GSO Beats Rival Funds to Hovnanian Deal in Credit Swaps Showdown

(Bloomberg) -- In a flurry of pre-New Year disclosures, homebuilder Hovnanian Enterprises Inc. said it’s taking a financing package offered by Blackstone Group’s GSO Capital Partners over the objections of a rival hedge-fund group.

The move could lead to payouts on credit-default swaps held by GSO, while helping Hovnanian win favorable terms to clean up its balance sheet. The terms allow Hovnanian to pay down debt coming due in the next couple of years and replace it with borrowings that won’t start maturing until well into the next decade, according to a statement. Its stock jumped 8.1 percent on Friday and has nearly doubled from the year’s lows in September.

Hovnanian’s management and board, which are both led by Ara Hovnanian, “evaluated a range of available options to strategically manage the company’s debt obligations, with several financial firms competing to refinance the company’s existing debt,” Hovnanian said in its statement. "After careful review and due diligence, the company decided to pursue the refinancing transactions with GSO."

The Red Bank, New Jersey-based builder, which hasn’t posted an annual profit since fiscal 2014, had a major chunk of debt coming due starting in a little over a year, and had been racing to determine how to manage it. Hovnanian had warned cash might run short, and debt-rating firms put it at close to the bottom of the junk spectrum. 

GSO Beats Rival Funds to Hovnanian Deal in Credit Swaps Showdown

Lenders stepped up to offer financing packages -- while also making side bets in derivatives markets on the outcome that could increase their returns.

The price to protect Hovnanian debt against default in the credit derivatives markets shot up in recent weeks. That would normally suggest the company is under immediate risk of buckling under its debt obligations, even though its shares and bonds showed few signs of panic.

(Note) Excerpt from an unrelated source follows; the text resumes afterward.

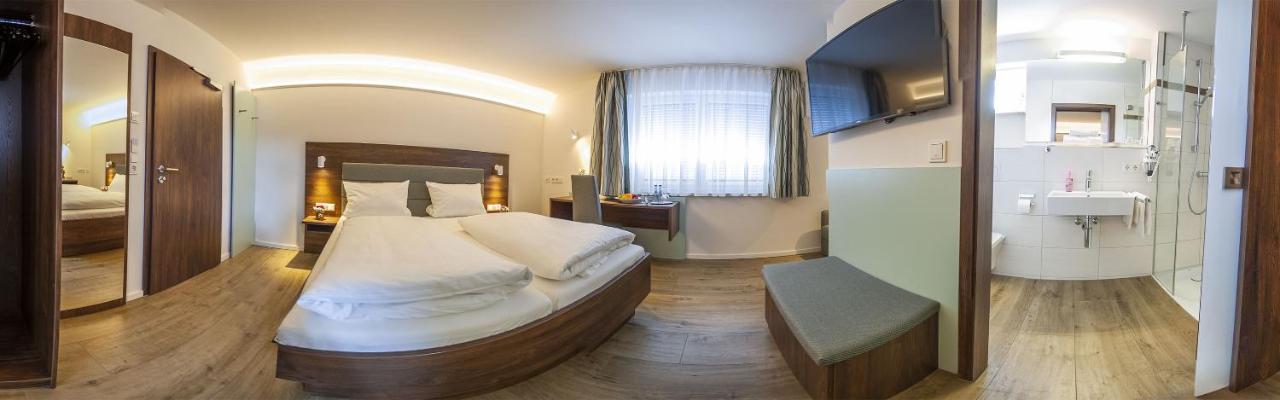 Hotel-Gasthof Krone Greding Buitenkant foto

GSO proposed lending to the company as long as the builder agreed to do it in a way that would trigger payments on its credit-default swaps, people with knowledge of the matter have said. That is an unusual component of a financing package, and would result in payouts for investors like GSO who had purchased the insurance-like swaps.

Other investors led by Solus Alternative Asset Management have been offering to lend money to the company, while selling protection against Hovnanian defaulting. That trade will profit if the company doesn’t default on its debt. Goldman Sachs Group Inc.’s credit trading desk as of earlier this month had built up a $200 million position on this bet.

Buy Back

The refinancing plan from GSO calls for a Hovnanian affiliate to buy back a $26 million piece of the company’s 8 percent 2019 bonds, while most of the remaining notes are being replaced with new debt.

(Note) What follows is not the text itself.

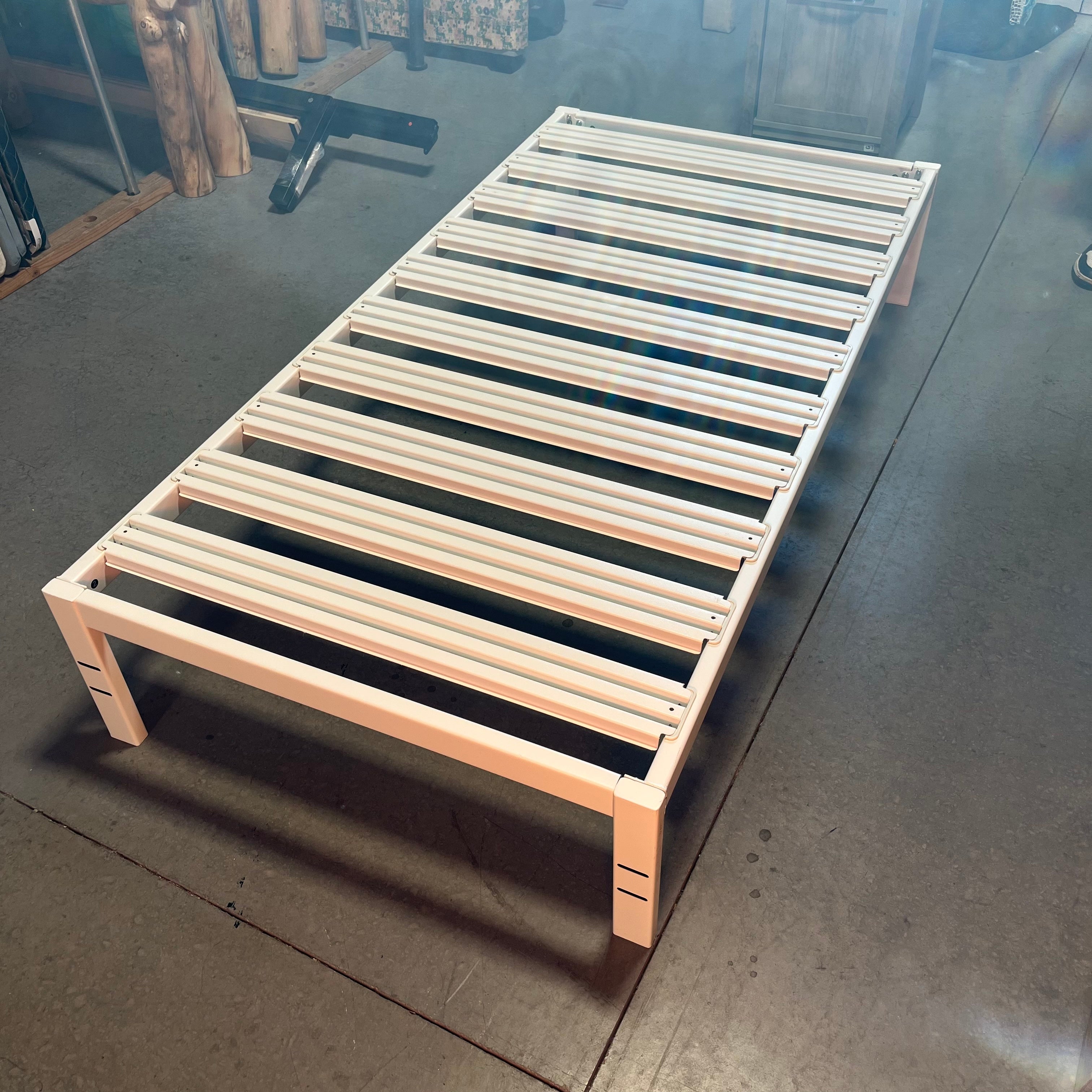 TWIN White Metal Platform Bed Set 38"x 74.5"x 14"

A condition on the new notes prevents the company affiliate from paying interest on the bonds it holds prior to maturity. The next interest payment is due in May, according to data compiled by Bloomberg, and failure to pay interest at that time could be construed as a default event that triggers credit-default swaps.

An additional wrinkle in the company announcement was a typographical error that could have resulted in tens of millions of dollars in additional payouts in the event of a default that triggered the credit swaps. Hovnanian subsequently corrected that in an amended filing clarifying the terms.

Hovnanian had said that it intends to take the most favorable financing route that allows it to maintain flexibility.

“GSO has a long history of committing capital to Hovnanian and is pleased to continue supporting the company’s business by providing this financing,” a representative for New York-based Blackstone said in an email on Thursday. “This transaction puts Hovnanian in a stronger, long-term financial position.”

Peter Grauer, chairman of Bloomberg LP, is a non-executive director at GSO’s parent Blackstone Group LP.